He broke over 40 Australian records during a career spanning from 1989 to 2000.

Perkins won two of the 16 gold medals Australia won at the 1992 and 1996 Olympic Games. He was one of 6 Australians to win gold medals at both of these Games. Perkins won 2 of the 3 swimming gold Australia won during this time. There was a mythology in Australia with the 1500 m freestyle that Perkins revived and brought into modern times. Australian swimmers won Olympic gold in the 1500 m from 1956 to 1964 but nothing for 28 years until Perkins broke the drought. In fact, Australia has won the event more times than any other nation.

==Honours==
In the Australia Day Honours of 1993, Perkins was awarded the Medal of the Order of Australia (OAM).

==Awards==
Perkins was named 1992 Young Australian of the Year.
Also named an Australian Living Treasure, he was inducted into the Sport Australia Hall of Fame in 2002. In 2009 Perkins was inducted into the Queensland Sport Hall of Fame.
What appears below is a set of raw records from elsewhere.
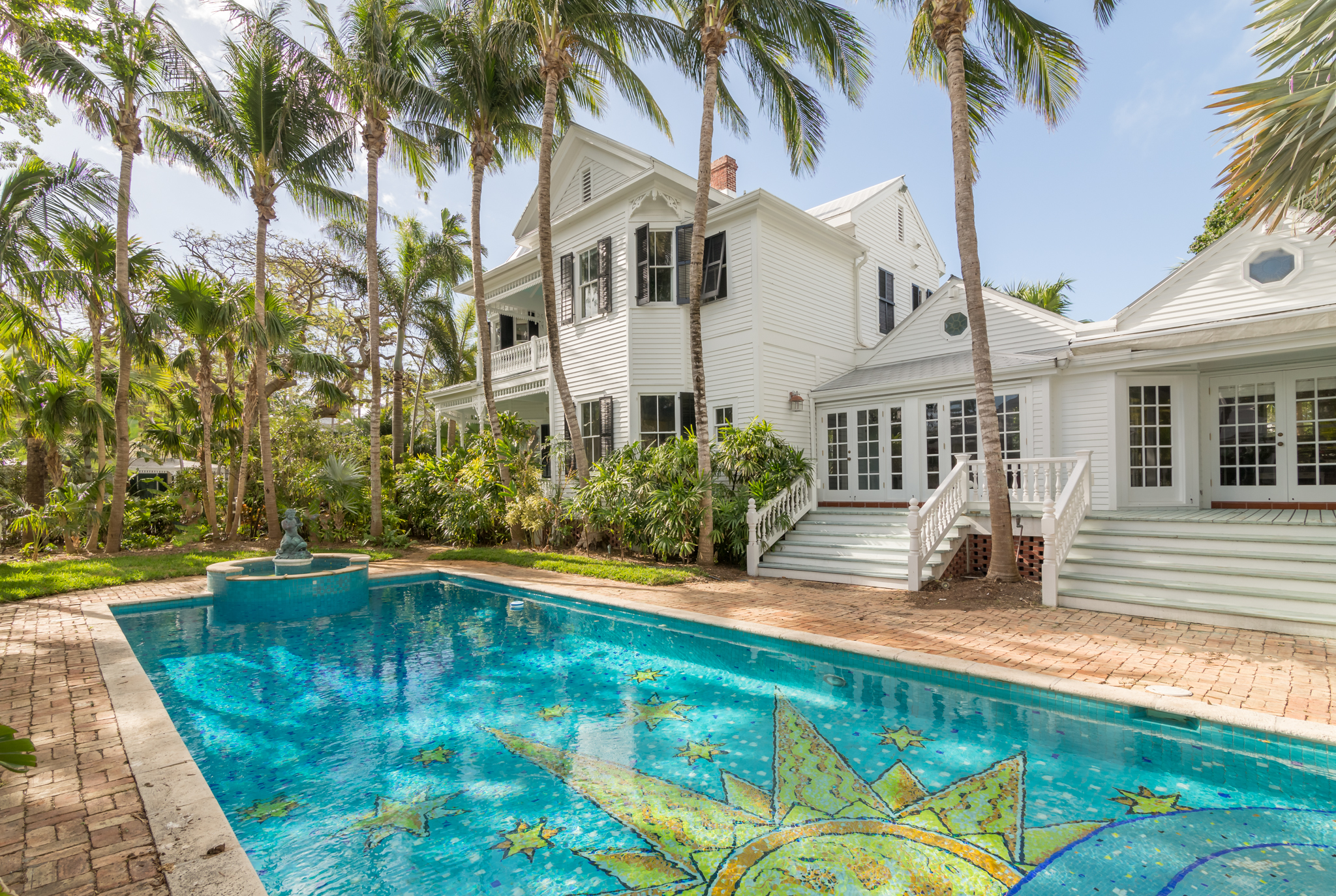 Key West real estate 1017 Southard Street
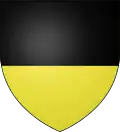 Blason de Houtteville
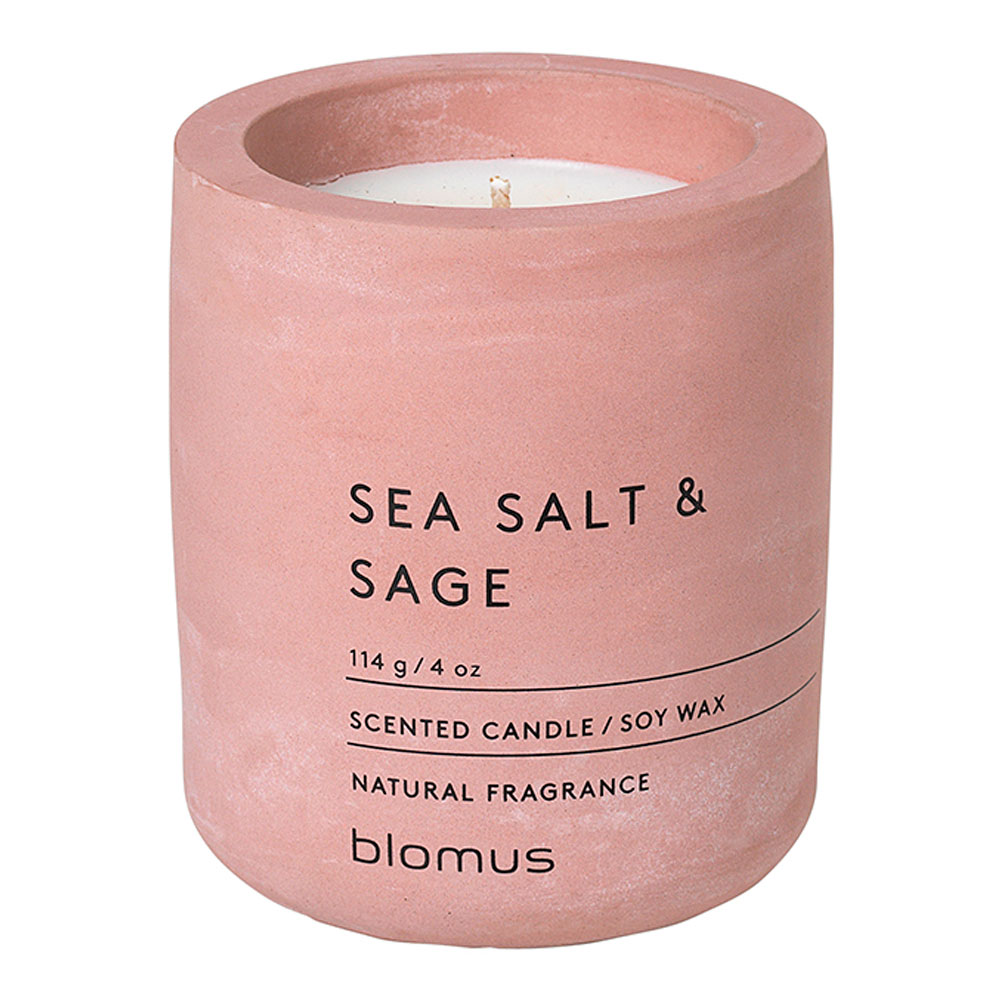 Blomus – Fraga Doftljus M 114 g Sea Salt & Sage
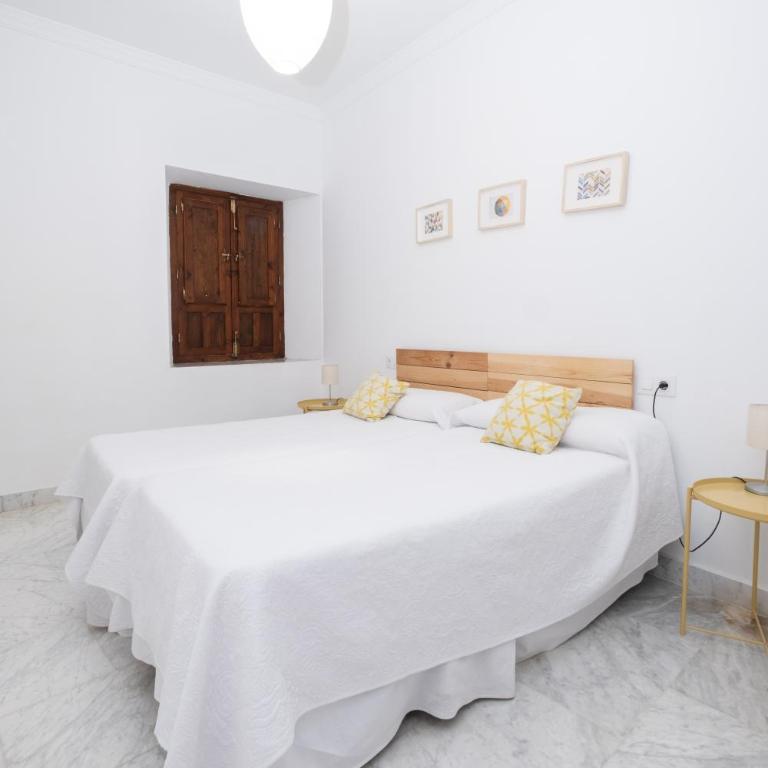 APARTAMENTO " A "MUSEO CASCO HISTORICO - Apartamento - Planta baja - 20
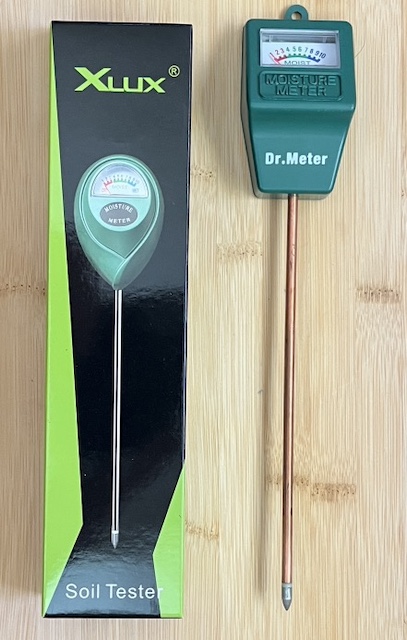 土壌水分計 Soil Moisture Mater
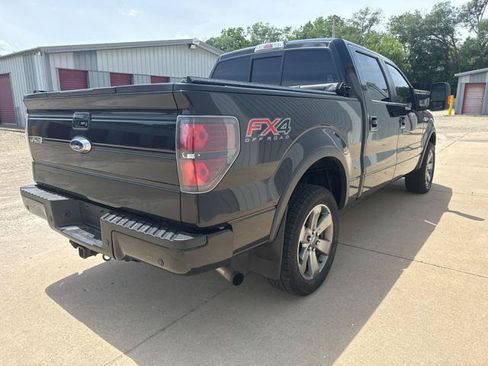 Used 2013 Ford F150 FX4 w/ Luxury Equipment Group AWD/4WD image 8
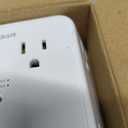Surge Protector 8 Outlet Extender, TESSAN Multi Outlet Splitter with 3 USB Wall Charger (1 USB C), 3-Sided Multiple Plug Power Strip 1700J, Charging Station for Home Office Dorm Room Essentials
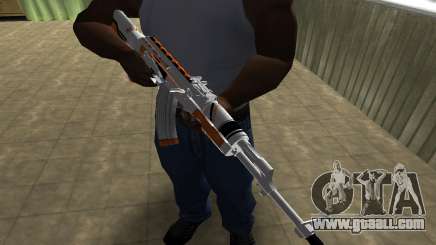 AK-47 Asiimov for GTA San Andreas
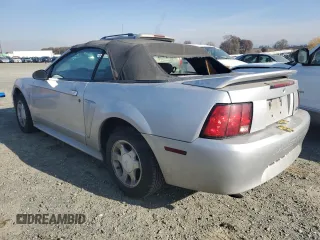 2000 Ford Mustang with VIN 1FAFP4441YF169212, listed as a Copart auction lot 83666634 with 114,252 mi miles and Clean Title. Bid and sale history available at carsss.com. Image 2.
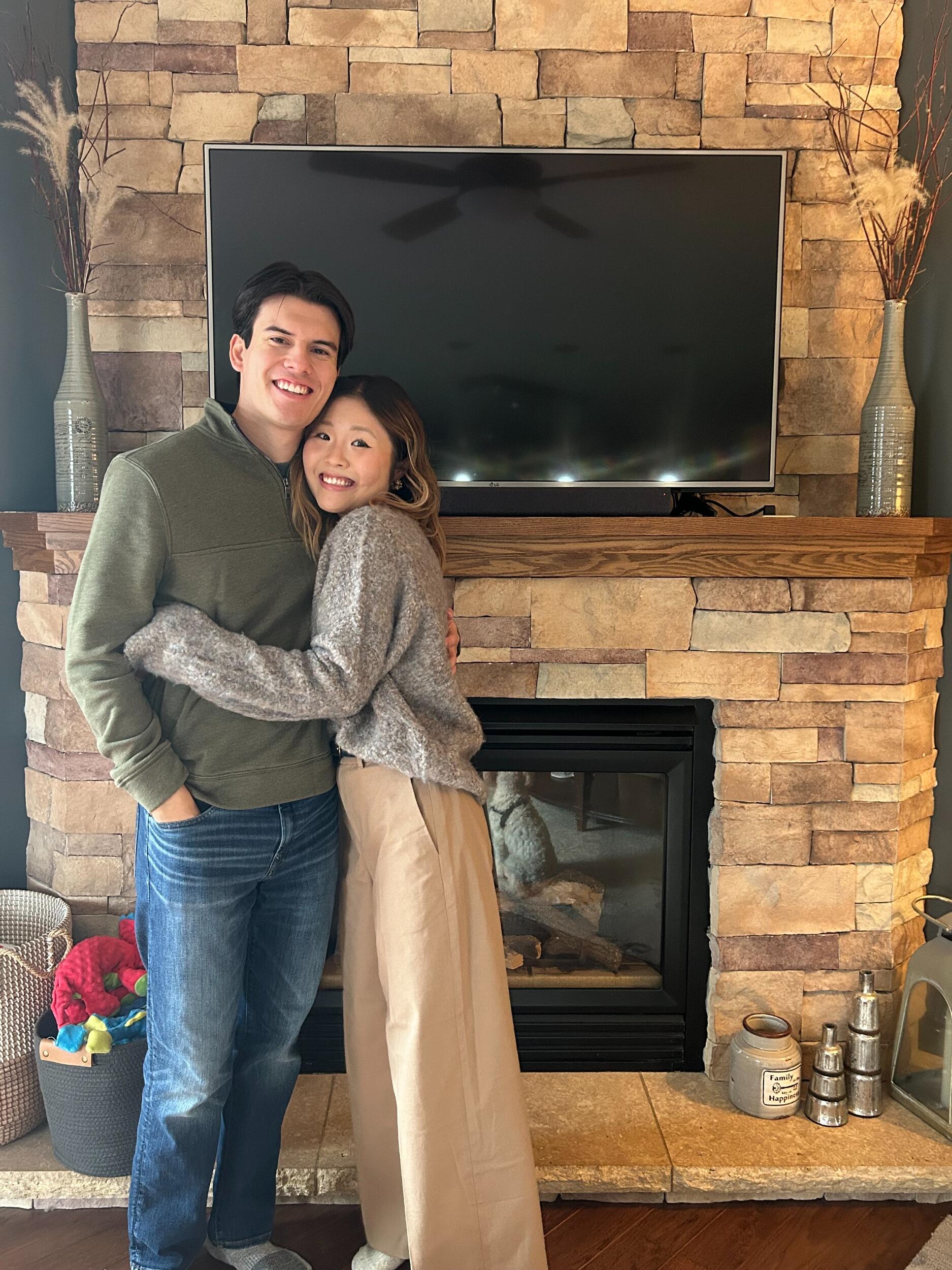 Picture of First Thanksgiving !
Also in 2009 as part of the Q150 celebrations, Kieren Perkins was announced as one of the Q150 Icons of Queensland for his role as a "sports legend".
Perkins was awarded an honorary degree by the University of Queensland.

==Post-swimming career==
Since his retirement, he claims to have not even recreationally swum due to a bad back. Professionally, he has occasionally worked in the broadcast media. He joined National Australia Bank in 2009. Perkins was part of the team that conducted a review of the Australian swimming team at the 2012 Olympics.
In November 2020, Perkins was appointed as President of Swimming Australia.
He was a director of the Starlight Foundation.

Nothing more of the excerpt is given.